Brewster with a printing press in 1992. Image: Flickr/Carl Malamud

This isn't easy work. Recently, Kahle successfully fought the FBI in a case where the agency requested information about a user. There are engineering challenges too, for instance, in developing the archive's sophisticated collection of news television programming, which currently contains 564,000 shows since 2009. Meanwhile, Kahle hasn't avoided ongoing debates in the digital humanities. He's questioned the wisdom of Google Books, lamented the lack of a decent loaning system for digital materials, and worried about the transition of knowledge from the non-profit sector to a private one. 

I recently had the chance to speak with Kahle about the open source and non-profit web, the Internet Archive, and Open Library, which seeks to build a web page for every book ever published and loan those books out through the web.

MOTHERBOARD: For organizations that gather and store humanity's information, do you see the non-profit model as a successful one?
Brewster Kahle: I think we’re seeing a broad experimentation. Wikipedia is a public donation model; the Internet Archive is a mix of offering services and keeping the spending very low, and creative approaches to that form of sustainability. The Public Library of Science is paid when people submit their articles. I don’t know what the answer is in terms of all the funding models: There are different ideas being tried, but this non-profit structure fits well for the internet.

Deep-sea anglers, from a page in a book in Kahle's

Speaking of creative approaches, the Internet Archive’s Tumblr is rather experimental. What’s the goal of the site?
Those are all volunteers, Tumblrs in residence. What would you do with all of this material? They make something interesting, odd, fun, arty, whatever they want to do with it.

The Internet Archive now has a TV news archive, which is great because a lot of video is blocked by GEMA in Germany (GEMA is a music rights organization in Germany which blocks many music videos on Youtube). When did it actually begin?
We started collecting in 2000. We had a version that was running in the past year, and completely re-did it and re-launched it. You can quote the videos in very specific ways, and there is a whole tool for narrowing in on what you want to quote. If you want to borrow the whole program, we put it on a DVD and lend it to the user, as a library model. 

Most libraries are locked up.That doesn’t work well on the internet. 

Open Library is an open, editable online book catalogue. One could see it as an e-book library. What challenges remain for the e-book format? Do you find that writers are open to the idea of digital lending?
Most people just see it as the continuation of what a library is. It’s basically access to the long tail. That’s the big thing about the library—making access to the works of the 20th century, which are only basically available in print. 

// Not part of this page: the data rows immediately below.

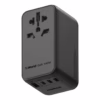 Momax หัวชาร์จ+หัวแปลงปลั๊กไฟ รุ่น 1-World Travel Adapter 4-Port กำลังไฟ 140W ชาร์จไว GaN + สาย USB-C to C 140W (ยาว 1m) - สี Black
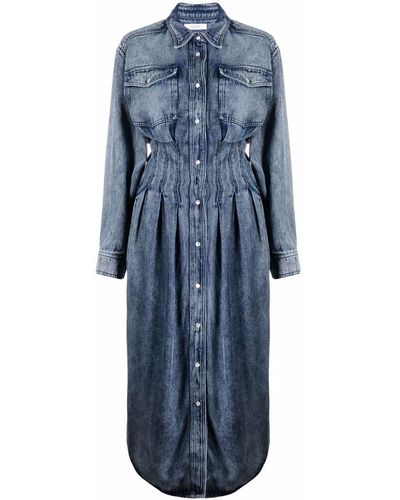 Isabel Marant Robe-chemise Tomie en jean - Bleu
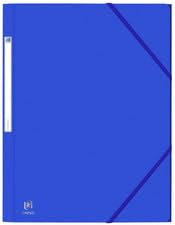 Eurofolio+ A4 Schnellhefter mit Gummizug, 3 Klappen, aus genarbter Karte, Farbe Gelb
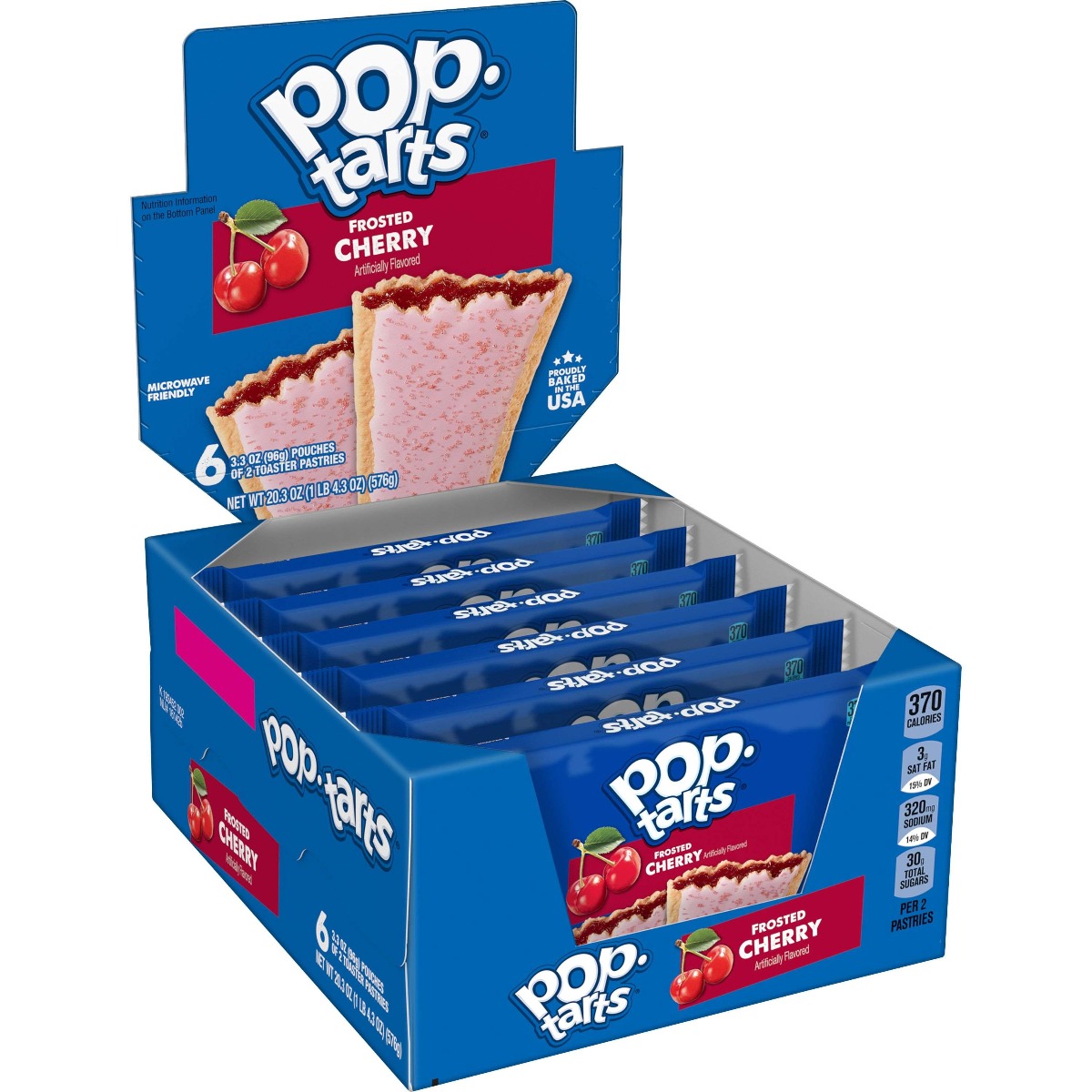 KEL POP TARTS CHERRY 6CT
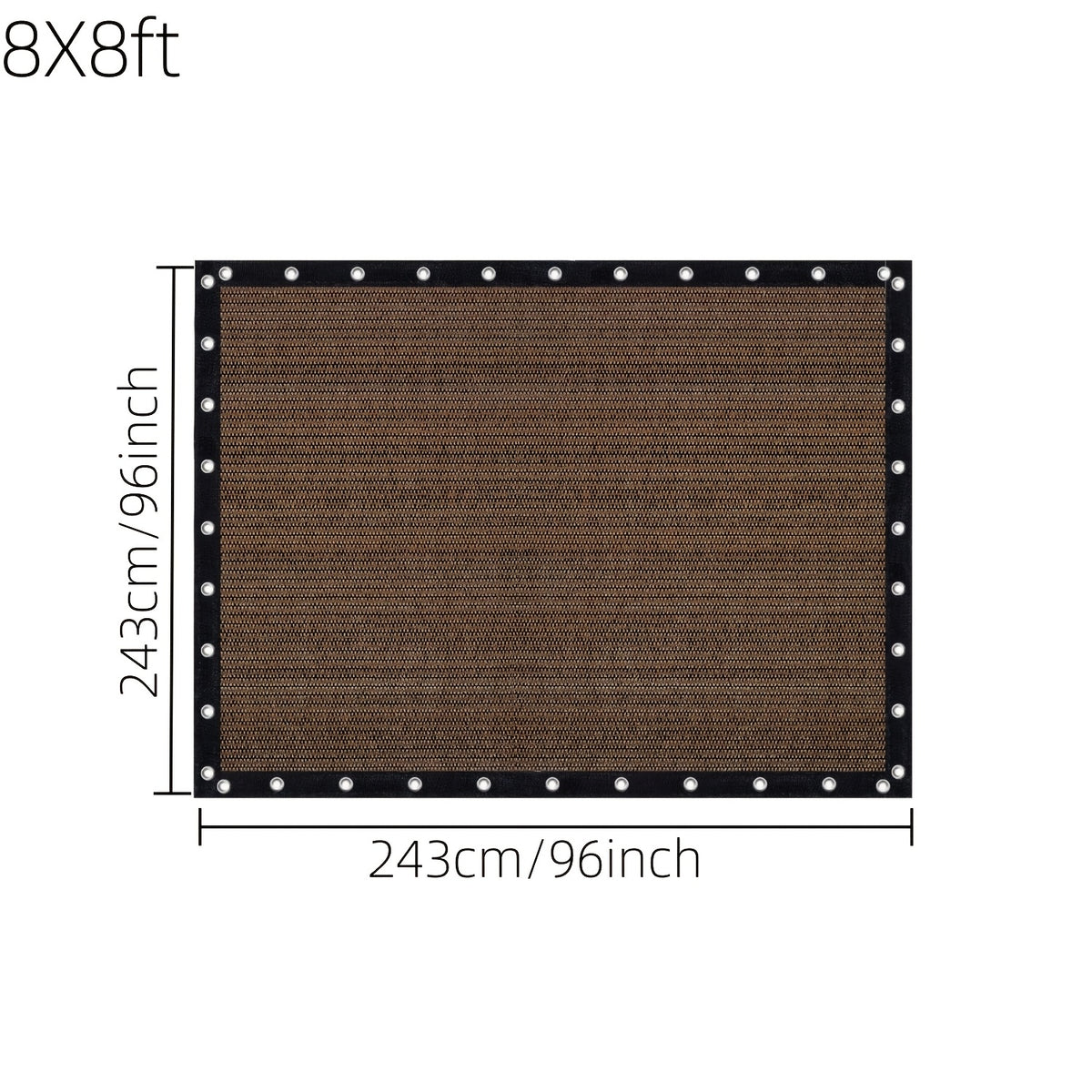 Shade Cloth shown in the 8X8ft option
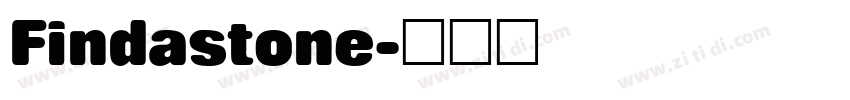 Findastone字体转换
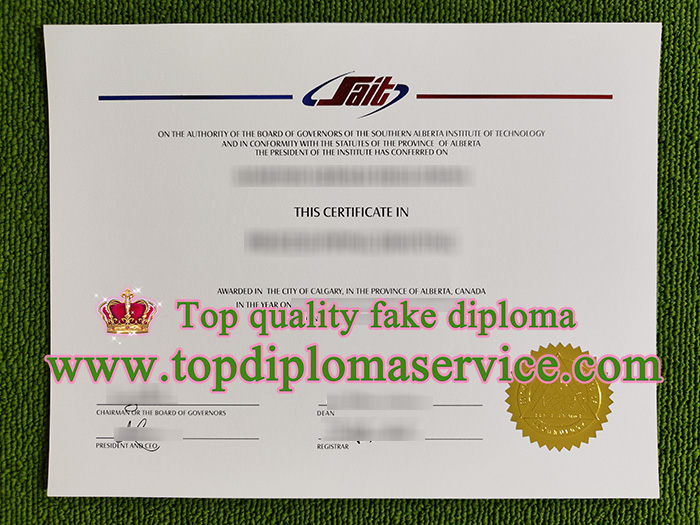 Southern Alberta Institute of Technology diploma, fake SAIT certificate,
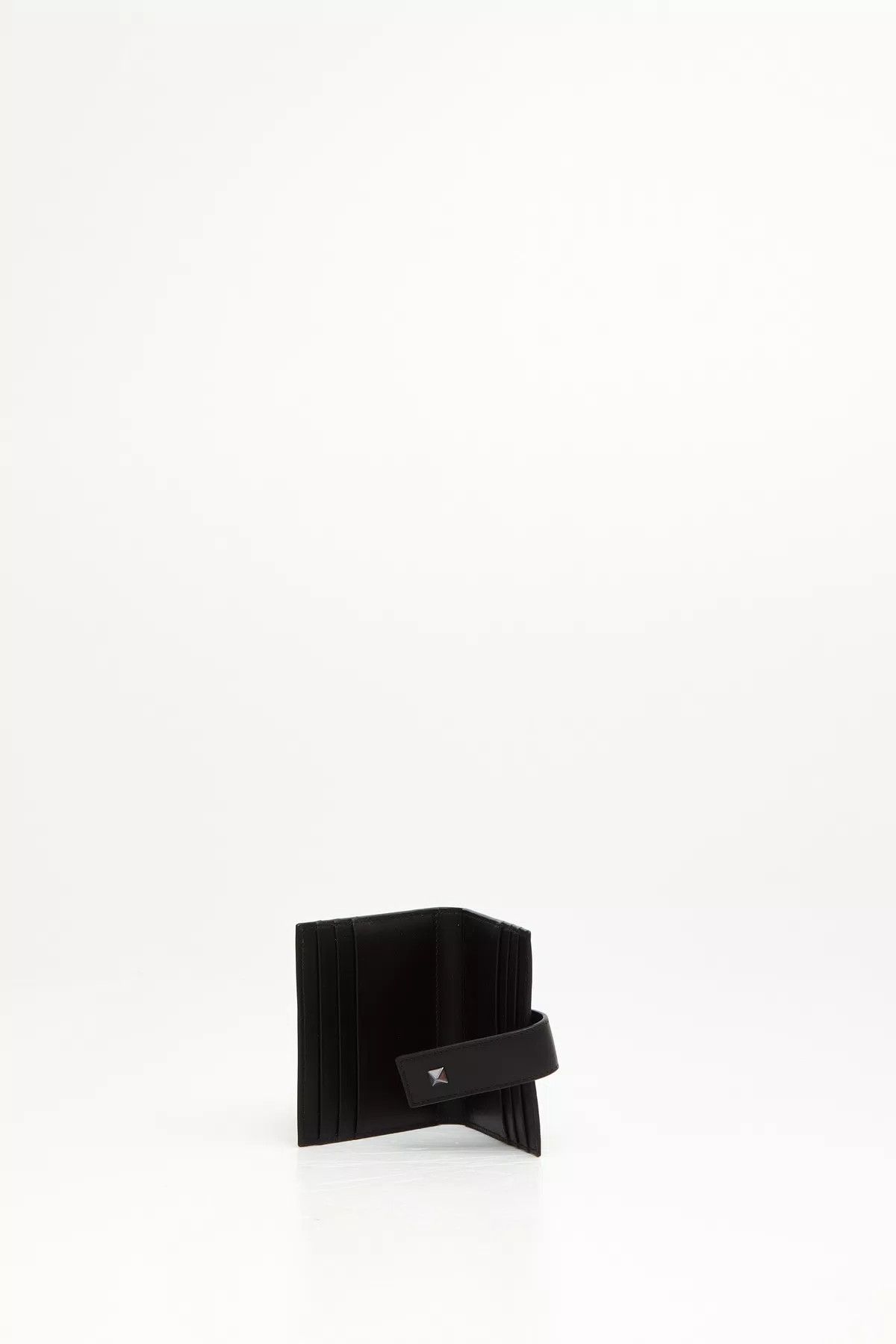 Valentino oc11z0625 Size: OS/Rockstud Polka Dot Card Holder in Black Size ONE SIZE - 2 Thumbnail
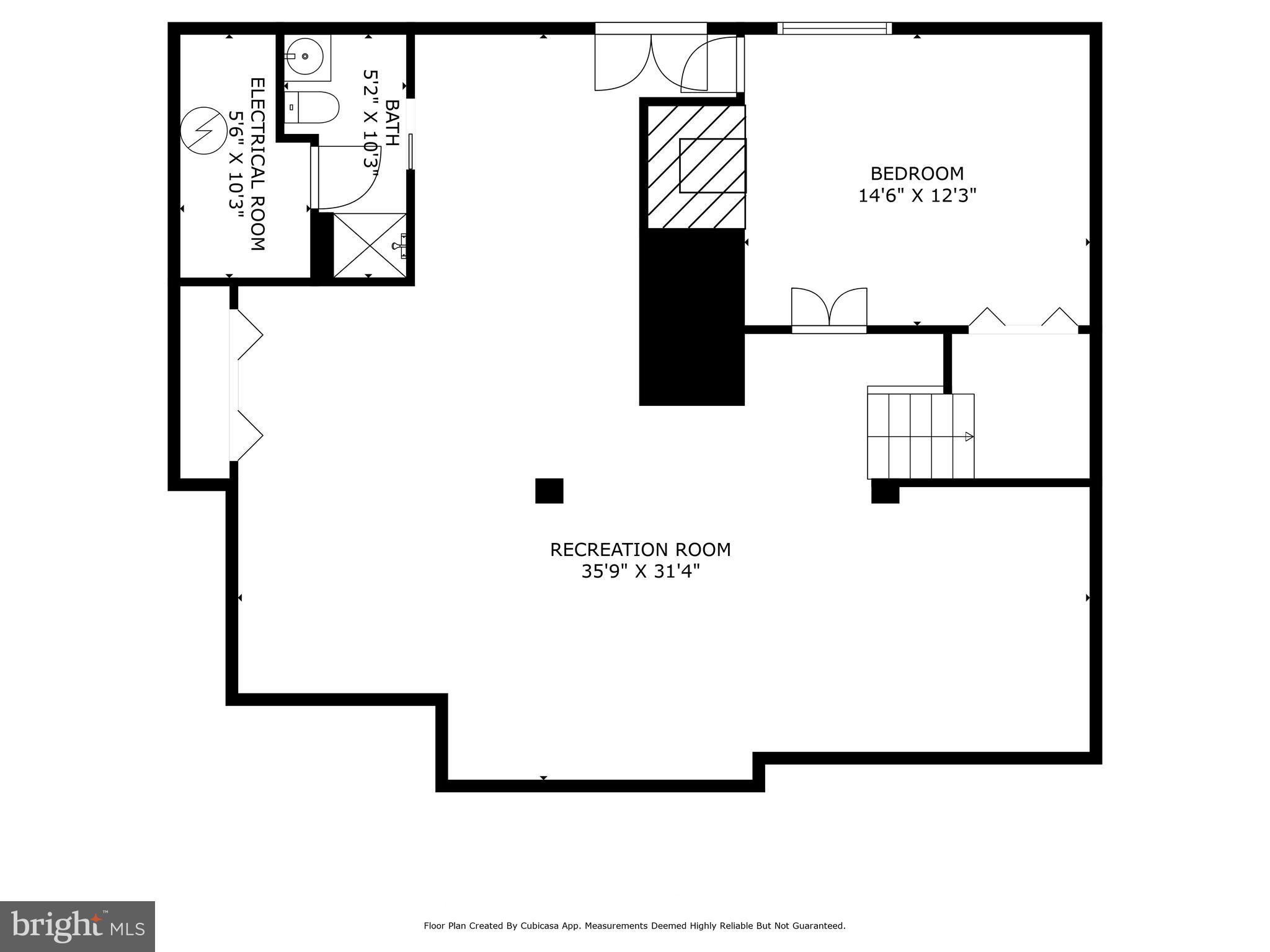 9447 Emory Grove Road Gaithersburg, MD 20877 - Photo 47 of 49 Lower Level Floor Plan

What do you think about the digital libraries of today?
Most of them are locked up. That doesn’t work well on the internet. We have the ones that are subscription-oriented, or tied to a particular vendor like Amazon, or they’re only available if you’re in a prestigious university. We have an opportunity for everyone to learn, so let’s take advantage of that.

The Wayback Machine's earliest archived version of itself, from November 30, 2001

Meanwhile, though, news websites are still trying to set up paywalls. Do you think that model will crash?
I don’t know how—the news sites are struggling. We want to see publishing work and libraries work in the next generation. Libraries buy things and lend them, which makes sense in the digital age.

A lot of the stuff you’re not buying.
Like webpages, they weren’t for sale in the first place. But the books are donated or we buy them. We have over one million physical books in Richmond, California. They’re not very accessible; you can’t get in the stacks. It’s a good place to go in and get a tour, but it’s not good for getting particular books out. It’s meant to be the preservation facility.

The Internet Archive hit 404 billion pages, which is a bit of a joke. How did you celebrate?
People were betting what day we would hit 404 billion. Yes, we had a party!